Track throughput, not points. Count completed stories over time. This metric is as accurate as story point velocity for forecasting purposes but, without all the ceremony and estimation overhead. You eliminate planning poker sessions, story point inflation debates, and cross-team velocity comparisons while reducing pure waste. Historical throughput data becomes the foundation for probabilistic forecasting that’s based on what actually happened, not what teams hoped would happen. The key point is that it takes much less time, is easier to calculate, and results in the same amount of planning accuracy as story pointing.
Forecast with ranges, not dates. Monte Carlo simulations on real throughput data give you: “There’s a 70% chance we’ll complete this work between March 10-22, with a 90% confidence interval of March 5-30.” This is both more honest and more useful than “we’ll be done by April 8th,” which is what you tend to end up with after all the padding, sand-bagging, and buffers are added.
Reduce work in progress. Less parallel work means more flow and faster completion. Teams that start less and finish more consistently outperform teams that juggle multiple priorities. Resist the urge to start more work and keep your team at full utilization. Instead, do the difficult work of prioritizing and identifying the most valuable work for the team to focus on. And then do it again and again and again.

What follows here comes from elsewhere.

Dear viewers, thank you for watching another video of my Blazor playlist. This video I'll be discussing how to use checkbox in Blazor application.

Optimize for learning, not execution. Software development is learning work. The practices that support learning - pairing, TDD, frequent feedback, collaborative requirements - don’t make individual stories more predictable. They make teams more adaptive, which is more valuable.
This shift requires different accountability measures. Instead of asking “did you deliver what you committed to?” start asking “how quickly are you learning?” and “how good are your decisions getting?” These metrics actually predict long-term success, unlike adherence to arbitrary schedules.

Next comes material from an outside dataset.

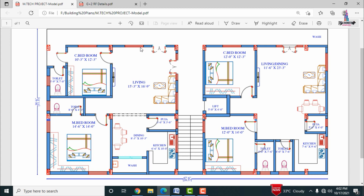For this structure, there are approximately 18 columns in total. The column dimensions for the G plus 2 structure are 12 inches cross 14 inches as per site consideration. This 12 inches cross 14 inches is taken as the cross-section of the column as per the project requirement.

Of course, these approaches only work if your teams can actually ship frequently and maintain quality simultaneously. Many organizations struggle with basic engineering practices that would enable rapid, safe delivery. If your teams are drowning in technical debt and can’t ship with confidence, you might need to start by reducing cognitive load through better development practices before attempting organizational changes.
When you ship frequently, predictability becomes irrelevant
The best antidote to “when will it be done?” is “we shipped value yesterday and we’ll ship more tomorrow.”

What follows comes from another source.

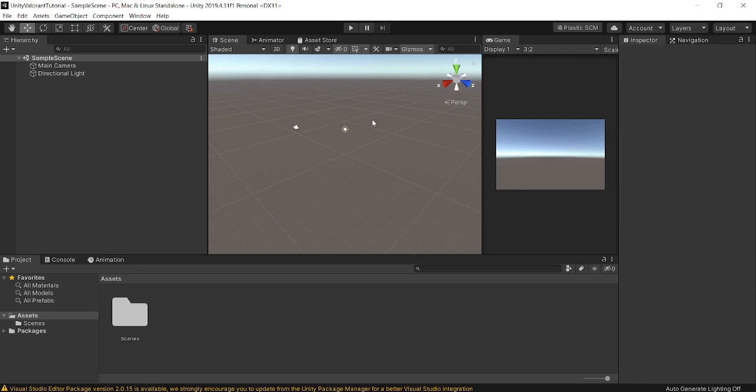Hello guys and welcome to episode 1 of the 'How to Make a Game Like Valorant in Unity' tutorial series. This is the start of a new series, mainly inspired by the fact that I love playing Valorant — it's one of my favorite first-person shooter games. I'm going to be recreating that in Unity and sharing how I do it in a tutorial video format.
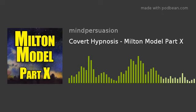Are you beginning to see how you can easily use these patterns in all aspects of your life? Thank you for listening to the Mind Persuasion Podcast. I'm George Hutton and I look forward to speaking to you again soon. I'll see you then.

If the train leaves every 5 minutes, no one asks for a schedule. When teams deliver working software frequently, stakeholders stop obsessing about distant deadlines. They can see progress, provide feedback, and make decisions based on actual results rather than projected plans.
This is where real predictability comes from, not accurate estimates, but consistent flow. Teams that focus on reducing cycle time and increasing deployment frequency naturally become more reliable because they’re working in smaller, more manageable increments.
The organizations still clinging to quarterly roadmaps and annual budgeting cycles are setting themselves up for failure. The world doesn’t move in neat cycles anymore. Competitive landscapes shift monthly. Customer needs change weekly. AI capabilities evolve daily.
Leaders who can’t adapt their organizational systems—HR, budgeting, performance management, resource allocation—aren’t just missing opportunities. They’re creating competitive disadvantages that compound over time. Yes, changing embedded systems is hard. Yes, there are political and structural barriers. But you’re the captain of this ship, and the buck stops with you.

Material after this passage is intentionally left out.